As well as the main Burning Man there are now nearly 50 “Burns” – smaller events inspired by the spirit of Burning Man – held every year. Originally these only took place in the US and Canada, but you’ll now find them all over the planet, from AfrikaBurn in South Africa and Midburn in Israel, to Burning Seed in Australia and The Borderland in Scandinavia, which this year takes place on a UNESCO World Heritage site on the Danish coast.
That now-global Burning Man spirit is underpinned by ten principles:
- Radical inclusion.
- Gifting.
- Decommodification.
- Radical self-reliance.
- Radical self expression.
- Communal effort.
- Civic responsibility.
- Leaving no trace.
- Participation.
- Immediacy.
Out of that list, the “gifting” one is probably the most radical and – to someone who’s never been to a Burn before – the hardest to get your head around.
Essentially: money is worth nothing. Everyone gives each other everything, and it’s all in the spirit of gifting, not trading. Drink, drugs, food, hugs: the idea is that giving and receiving all of those things will make you love everyone around you. And, from my experience, that idea usually works out. When I went to Nowhere, a Burn in the Spanish bushland between Barcelona and Zaragoza, I thought the gifting principle wasn’t really going to to be adhered to: that it was a neat marketing ploy, but that there would be a black market of dodgy fags and shit drugs. There wasn’t.

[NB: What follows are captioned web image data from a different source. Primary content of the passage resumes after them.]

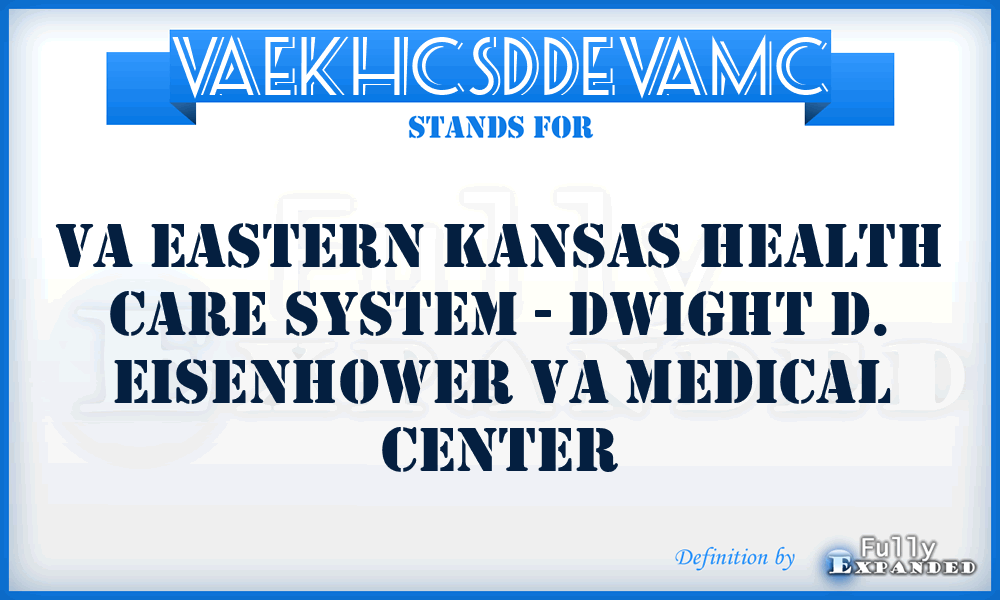 VAEKHCSDDEVAMC - VA Eastern Kansas Health Care System - Dwight D. Eisenhower VA Medical Center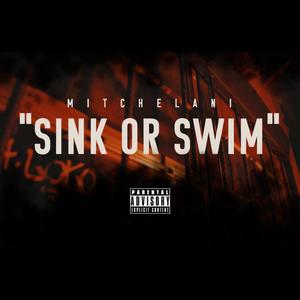 Sink or Swim (Explicit)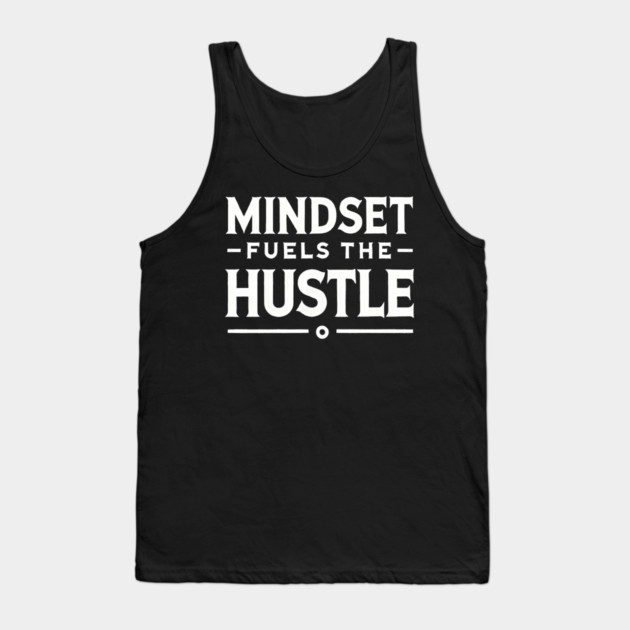 Motivational Quote, Mindset Fuels the Hustle Tank Top by logiamerch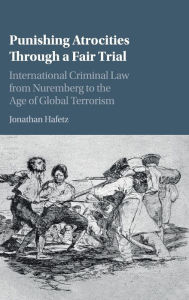 Title: Punishing Atrocities through a Fair Trial: International Criminal Law from Nuremberg to the Age of Global Terrorism, Author: Jonathan Hafetz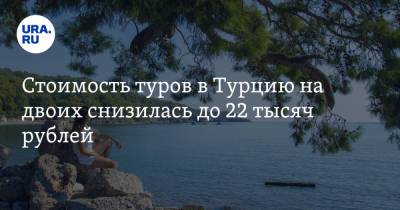 Стоимость туров в Турцию на двоих снизилась до 22 тысяч рублей - ura.news - Турция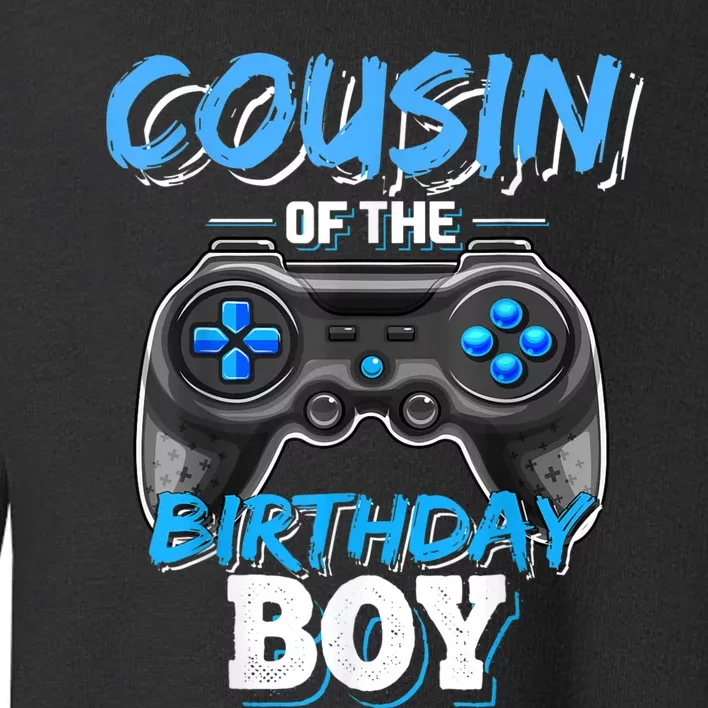 Cousin Of The Birthday Boy Matching Video Game Birthday Gift Toddler Sweatshirt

However, considering most non-Burn events need to actually make some money, it makes sense that it’s the principles of radical inclusion, radical self-expression and participation that we’re seeing most replicated elsewhere.
“Festivals in general have become more participatory, immersive and interactive, with more of an emphasis on the overall experience as the selling point,” says Paul Reed of the Association of Independent Festivals. “Our audience research supports this: in 2014, 58 percent of people surveyed said that the main reason for purchasing a festival ticket was the overall atmosphere and experience – less than 7 percent said headline acts.”
This is part of a wider cultural shift outside of just music festivals, with film events like Secret Cinema and theatre production companies like Punchdrunk offering a sense of exploration and unpredictability. Festivals offer the ultimate departure from reality, especially when they take place in a scorched desert, everyone’s dressed like Mad Max characters and people are literally handing you drugs for free.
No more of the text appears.